A new infographic wonders how effective the Common Core State Standards will be.

With all the hype about the Common Core State Standards, it’s easy to forget that some states have decided not to adopt the standards–plus, some adopting states are now re-evaluating their decisions. Now, a new infographic questions some of the basic tenets of the Common Core State Standards.

Perhaps one of the biggest arguments against the standards, according to the infographic, is that “while core curriculum has improved performance in states with traditionally good education systems,” states that have struggled academically wonder if the standards are more a one-size-fits-all pathway instead of a “great equalizing force,” in which the common standards bridge a gap between vocational education and the university pathway.

(Next page: How do students fare in math?)

Three big arguments in favor of the Common Core State Standards, according to the infographic, are:

  • Students will learn more if their learning targets are set higher
  • Students will learn more if the passing grades for state tests are set higher
  • Students will learn more if lesson plans and textbooks are all made more complex and rigorous

This, however, can lead to a situation in which some students fall even further behind in school and drop out due to their discouragement.

The infographic looks at the Common Core State Standards’ stance on algebra, which is taught in the eighth grade.
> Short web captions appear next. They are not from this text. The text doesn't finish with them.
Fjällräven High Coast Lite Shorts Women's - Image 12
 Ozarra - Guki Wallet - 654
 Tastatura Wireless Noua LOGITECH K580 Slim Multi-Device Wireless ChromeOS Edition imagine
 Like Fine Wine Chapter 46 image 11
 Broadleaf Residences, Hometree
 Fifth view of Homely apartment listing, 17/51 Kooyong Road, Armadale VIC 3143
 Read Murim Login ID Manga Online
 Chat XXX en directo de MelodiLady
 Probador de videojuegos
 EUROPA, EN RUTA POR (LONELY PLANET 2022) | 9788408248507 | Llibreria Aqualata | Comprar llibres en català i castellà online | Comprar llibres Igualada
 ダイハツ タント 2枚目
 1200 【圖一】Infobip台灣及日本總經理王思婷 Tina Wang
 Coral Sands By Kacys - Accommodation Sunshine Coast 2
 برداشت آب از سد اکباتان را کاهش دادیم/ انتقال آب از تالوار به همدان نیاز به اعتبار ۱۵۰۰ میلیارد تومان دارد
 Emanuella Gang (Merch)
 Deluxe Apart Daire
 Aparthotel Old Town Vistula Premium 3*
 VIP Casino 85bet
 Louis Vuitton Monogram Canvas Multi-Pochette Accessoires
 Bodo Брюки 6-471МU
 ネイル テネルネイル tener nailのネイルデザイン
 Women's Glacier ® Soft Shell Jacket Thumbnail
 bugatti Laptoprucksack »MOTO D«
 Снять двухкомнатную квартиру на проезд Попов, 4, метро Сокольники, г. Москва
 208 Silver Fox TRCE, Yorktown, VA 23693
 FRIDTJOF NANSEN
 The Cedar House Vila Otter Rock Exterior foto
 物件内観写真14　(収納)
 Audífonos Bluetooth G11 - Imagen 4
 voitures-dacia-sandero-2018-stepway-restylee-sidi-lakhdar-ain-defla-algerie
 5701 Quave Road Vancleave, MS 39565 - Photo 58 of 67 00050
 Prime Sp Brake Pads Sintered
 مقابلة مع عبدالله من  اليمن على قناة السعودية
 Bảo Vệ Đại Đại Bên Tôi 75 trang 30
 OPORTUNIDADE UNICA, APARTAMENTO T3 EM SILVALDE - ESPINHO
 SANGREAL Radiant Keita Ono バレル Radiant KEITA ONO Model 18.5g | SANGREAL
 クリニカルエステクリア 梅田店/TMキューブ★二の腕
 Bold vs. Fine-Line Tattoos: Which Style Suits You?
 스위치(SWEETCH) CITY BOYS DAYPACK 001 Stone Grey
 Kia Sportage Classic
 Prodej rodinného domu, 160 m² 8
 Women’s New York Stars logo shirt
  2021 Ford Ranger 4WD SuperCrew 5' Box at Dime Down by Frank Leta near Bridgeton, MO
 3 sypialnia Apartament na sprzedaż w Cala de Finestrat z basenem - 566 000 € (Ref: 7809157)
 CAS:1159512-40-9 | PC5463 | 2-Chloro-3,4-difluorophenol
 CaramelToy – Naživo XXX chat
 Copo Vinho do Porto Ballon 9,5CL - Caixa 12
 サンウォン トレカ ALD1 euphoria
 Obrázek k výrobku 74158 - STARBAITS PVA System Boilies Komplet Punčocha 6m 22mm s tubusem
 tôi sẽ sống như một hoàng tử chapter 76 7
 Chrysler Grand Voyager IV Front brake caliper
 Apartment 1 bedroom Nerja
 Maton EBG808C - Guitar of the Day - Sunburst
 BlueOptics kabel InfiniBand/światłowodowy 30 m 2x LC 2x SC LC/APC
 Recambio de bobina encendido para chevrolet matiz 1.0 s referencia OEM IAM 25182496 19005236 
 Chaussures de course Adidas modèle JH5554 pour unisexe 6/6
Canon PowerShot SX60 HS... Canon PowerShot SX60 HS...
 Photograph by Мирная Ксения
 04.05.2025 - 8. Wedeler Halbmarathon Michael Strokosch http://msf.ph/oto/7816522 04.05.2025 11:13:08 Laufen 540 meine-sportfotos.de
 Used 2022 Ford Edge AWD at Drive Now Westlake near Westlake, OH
According to the Common Core, students who take algebra can become familiar with more complex math courses as they progress through school, and will have more knowledge when they enter college. However, the infographic points out that childhood brain development tends to plateau in the eighth grade, which makes it harder to learn and retain new concepts.

Algebra at an early age can discourage students and lead to problems down the road, according to statistics presented in the infographic. The data points to New Mexico, where 43 percent of white students dipped below proficiency levels in 2012, and in Tennessee, where 39 percent of white students followed suit. In 2012, 35 percent of students in West Virginia and 33 percent of Oklahoma students failed the algebra portions of their school exit exams.

Problems in algebra translate to problems with more advanced math in high school and college. Statistics note that only 1 percent of the 1.7 million bachelor’s degrees awarded in 2012 were in math, and only 58 percent of students entering higher education graduate. This means just .0058 percent of students who enter college successfully graduate as math majors.